New Delhi: Whether it’s a lip gloss to get you through the day or a winged eyeliner, Lakmé has been a woman’s best friend for decades.
A “Make in India” project, Lakme Cosmetics was the first locally developed makeup brand to be introduced in the country in the 1950s.
The idea behind the creation of Lakme came about after former Prime Minister Jawaharlal Nehru learned that Indian women were splurging with the country’s precious foreign exchange reserves on Western makeup brands.
Nehru soon approached industrialist Jehangir Ratanji Dadabhoy Tata to find a solution and Lakmé was introduced as India’s first cosmetics brand in 1952. It was a subsidiary of Tata Oil Mills, a company initially responsible for crushing copra for export coconut oil.
The name Lakme is a French word for the goddess Lakshmi, known for her beauty in mythology. This was suggested by the brand’s French collaborators, Robert Piguet and Renoir. Lakme was a popular opera in France by Léo Delibes, named after its protagonist who was inspired by the Indian goddess.
Lakme was revolutionary for the Indian market because it offered cosmetics suitable for Indian skin types, for which extensive research was carried out.
The brand received a facelift when Dadabhoy’s Swiss wife, Simone Tata, took over as general manager in 1961. From product pricing to brand positioning, she made it a household name. Simone became president of the company in 1982.
“I didn’t know that Lakmé was an Indian brand. I always thought it was European. And it was also affordable, so I always liked buying them during my college days. But the reason for my preference was also because it was everywhere. It was advertised in the newspapers, on TV and all my favorite actors were there. I still use some of his products,” said Seema Rana, 44, a school teacher in Delhi.
Dolly Sharma, also a Delhi resident, had similar reasons for liking Lakmé products over others.
“My husband owns a pharmacy. Lakmé brings us the most revenue because it is the preferred choice of customers. Personally, I have known the brand the longest. It was the only make-up brand I knew that was used by people around me…my mother and older sister. So when it came time to choose a brand for myself, it was pretty simple and straightforward,” she said.
In an era when TV show villains wore kohl-lined eyes and brightly painted lips, cosmetics advertising was tricky. To break into the Indian market, Lakmé applied aggressive marketing tactics, including pumping large sums of money into print and magazine advertisements.
Featuring ’80s idol and supermodel Shyamoli Verma as the brand’s first face, Lakmé began her campaign to break taboos around makeup application. Verma later became known as the “Lakmé girl”. Dressed in traditional attire and adorned with Lakmé products, playing Indian musical instruments such as the sitar and the flute, she showed that the brand was an amalgam of modernity and “Indianness”. “If color is to beauty what music is to mood, play it” was the brand’s first catchy slogan.
It was just the beginning.
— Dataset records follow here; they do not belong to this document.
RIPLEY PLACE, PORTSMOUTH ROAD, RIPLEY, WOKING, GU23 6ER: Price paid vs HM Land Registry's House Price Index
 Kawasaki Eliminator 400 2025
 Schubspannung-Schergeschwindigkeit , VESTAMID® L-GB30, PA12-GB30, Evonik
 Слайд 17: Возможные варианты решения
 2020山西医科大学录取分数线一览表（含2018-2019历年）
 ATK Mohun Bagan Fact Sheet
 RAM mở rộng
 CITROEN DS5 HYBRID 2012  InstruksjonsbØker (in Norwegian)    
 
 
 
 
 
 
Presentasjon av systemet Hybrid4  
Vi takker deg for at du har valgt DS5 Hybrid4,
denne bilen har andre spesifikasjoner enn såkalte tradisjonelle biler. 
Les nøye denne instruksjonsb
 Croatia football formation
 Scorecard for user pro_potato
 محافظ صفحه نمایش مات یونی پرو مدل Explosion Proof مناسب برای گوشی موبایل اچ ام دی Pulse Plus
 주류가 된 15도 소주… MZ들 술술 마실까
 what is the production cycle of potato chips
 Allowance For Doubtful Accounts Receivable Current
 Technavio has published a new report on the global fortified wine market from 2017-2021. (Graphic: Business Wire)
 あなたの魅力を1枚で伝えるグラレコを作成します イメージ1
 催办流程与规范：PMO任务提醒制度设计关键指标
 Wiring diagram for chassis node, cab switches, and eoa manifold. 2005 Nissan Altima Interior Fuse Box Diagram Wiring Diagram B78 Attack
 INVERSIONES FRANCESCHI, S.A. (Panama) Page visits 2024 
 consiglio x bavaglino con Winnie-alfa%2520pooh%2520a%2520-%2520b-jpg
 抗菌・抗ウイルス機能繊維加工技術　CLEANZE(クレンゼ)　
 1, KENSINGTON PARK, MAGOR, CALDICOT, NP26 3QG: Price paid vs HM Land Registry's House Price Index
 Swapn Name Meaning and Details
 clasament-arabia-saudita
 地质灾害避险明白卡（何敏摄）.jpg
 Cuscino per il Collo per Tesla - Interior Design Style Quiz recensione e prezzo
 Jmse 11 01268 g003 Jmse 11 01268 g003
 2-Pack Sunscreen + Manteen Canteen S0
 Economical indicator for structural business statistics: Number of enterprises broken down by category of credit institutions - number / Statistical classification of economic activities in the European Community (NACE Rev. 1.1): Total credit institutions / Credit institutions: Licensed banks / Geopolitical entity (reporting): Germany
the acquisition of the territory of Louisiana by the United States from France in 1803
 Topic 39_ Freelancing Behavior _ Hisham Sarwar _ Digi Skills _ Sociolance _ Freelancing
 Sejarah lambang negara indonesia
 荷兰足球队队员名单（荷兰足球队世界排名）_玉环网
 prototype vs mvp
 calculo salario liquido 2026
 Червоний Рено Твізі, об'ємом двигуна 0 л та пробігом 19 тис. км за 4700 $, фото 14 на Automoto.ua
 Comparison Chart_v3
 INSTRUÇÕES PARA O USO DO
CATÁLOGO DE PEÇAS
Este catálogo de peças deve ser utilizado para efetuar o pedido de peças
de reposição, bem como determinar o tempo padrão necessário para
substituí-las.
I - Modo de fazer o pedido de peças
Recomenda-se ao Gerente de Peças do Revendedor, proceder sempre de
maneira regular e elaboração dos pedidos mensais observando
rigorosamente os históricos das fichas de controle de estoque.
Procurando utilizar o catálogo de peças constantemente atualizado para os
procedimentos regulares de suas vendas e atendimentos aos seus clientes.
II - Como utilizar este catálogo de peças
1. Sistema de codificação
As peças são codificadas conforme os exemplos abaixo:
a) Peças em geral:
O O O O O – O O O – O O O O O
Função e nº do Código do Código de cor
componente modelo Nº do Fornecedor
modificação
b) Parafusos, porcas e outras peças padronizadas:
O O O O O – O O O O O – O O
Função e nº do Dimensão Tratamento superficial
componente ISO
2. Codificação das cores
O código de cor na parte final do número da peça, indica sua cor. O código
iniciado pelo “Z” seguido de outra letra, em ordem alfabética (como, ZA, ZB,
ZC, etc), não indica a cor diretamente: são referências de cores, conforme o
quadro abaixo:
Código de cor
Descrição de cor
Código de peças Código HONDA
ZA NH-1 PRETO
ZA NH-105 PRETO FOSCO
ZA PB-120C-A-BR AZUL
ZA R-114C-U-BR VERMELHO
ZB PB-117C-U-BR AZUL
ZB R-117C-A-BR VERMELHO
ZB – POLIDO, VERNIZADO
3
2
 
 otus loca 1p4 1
Soon after, they enlisted Bollywood actors like Rekha, Aishwarya Rai Bachchan, Kareena Kapoor Khan, Shraddha Kapoor and Kajol Devgn. More recently, he signed Ananya Panday as an endorser for his line of lip care products.
In 1996, Lakmé formed a 50/50 merger with Hindustan Unilever. Two years later, Tata divested its 50% stake in the company and sold it to Hindustan Unilever, which had a wide and varied experience in the FMCG world.
Over the years, Lakmé has become a force to be reckoned with. In 2014, Brand Trust Report ranked the company 36th in its list of India’s most trusted brands. She was also the title sponsor of the prestigious bi-annual event Lakmé Fashion Week (LFW), which takes place in Mumbai. Today, it offers more than 300 various products ranging from Rs 100 to more expensive products that serve more than 70 countries across the world.